The days were hard on both of us. I was an encyclopedia, an object without feeling, of the whos, whats and wheres in her life, when in reality it is the whys, the things I did not know and could not answer, that make it all worth while. She would stare at pictures of forgotten offspring, hold paintbrushes that inspired nothing, and read love letters that brought back no joy. She would weaken over the hours, growing paler, becoming bitter and ending the day worse than when it began. Our days were lost and so was she.
So I changed. I learned what is obvious to a child. That life is simply a collection of little lives, each lived one day at a time. That each day should be spent finding beauty in flowers and poetry and talking to animals. That a day spent with dreaming and sunsets and refreshing breezes cannot be bettered. But most of all, I learned that life is for sitting on benches next to ancient creeks with my hand on her knee and sometimes, on good days, for falling in love.
“WHAT ARE you thinking?” she asks.
It is now dusk. We have left our bench and are shuffling along lighted paths that wind their way around this complex. She is holding my arm and I am her escort. It is her idea to do this. Perhaps she is charmed by me. Perhaps she wants to keep me from falling. Either way, I am smiling to myself.
“I'm thinking about you.”
She makes no response to this except to squeeze my arm, and I can tell she likes what I said. Our life together has enabled me to see the clues, even if she does not know them herself. I go on: “I know you can't remember who you are, but I can, and I find that when I look at you it makes me feel good.”
She taps my arm and smiles. “You're a kind man with a loving heart. I hope I enjoyed you as much before as I do now.”
I think about this as we walk in silence, holding each other, past the rooms, past the courtyard. We come to the garden, mainly wild flowers, and I stop her. I pick a bundle—red, pink, yellow, violet. I give them to her, and she brings them to her nose. She smells them with eyes closed and she whispers, “They're beautiful.” We resume our walk, me in one hand, the flowers in another. People watch us, for we are a walking miracle, or so I am told. It is true in a way.
By the time we reach the doorway, I am tired. She knows this, so she stops me with her hand and makes me face her. I do, and I realize how hunched over I have become. She and I are now level. Sometimes I am glad she doesn't know how much I have changed. She turns to me and stares for a long time.

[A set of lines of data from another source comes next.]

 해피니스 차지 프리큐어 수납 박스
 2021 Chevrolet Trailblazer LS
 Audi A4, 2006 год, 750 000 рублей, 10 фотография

“What are you doing?” I ask.
“I don't want to forget you or this day, and I'm trying to keep your memory alive.”
Will it work this time? I wonder, then know it will not. It can't. I do not tell her my thoughts, though. I smile instead because her words are sweet.
“Thank you,” I say.
“I mean it. I don't want to forget you again. You're very special to me. I don't know what I would have done without you today.”
My throat closes a little. There is emotion behind her words, the emotions I feel whenever I think of her. I know this is why I live, and I love her dearly at this moment. How I wish I were strong enough to carry her in my arms to paradise.
“Don't try to say anything,” she tells me. “Let's just feel the moment.”
And I do, and I feel heaven.
HER DISEASE is worse now than it was in the beginning, though Allie is different from most. There are three others with the disease here, and they are the sum of my practical experience of it. They, unlike Allie, are in the most advanced stages of Alzheimer's and are almost completely lost. They wake up hallucinating and confused. They repeat themselves over and over. Seldom do they recognize the people who love them. It is a trying disease, and this is why it is hard for their children and mine to visit.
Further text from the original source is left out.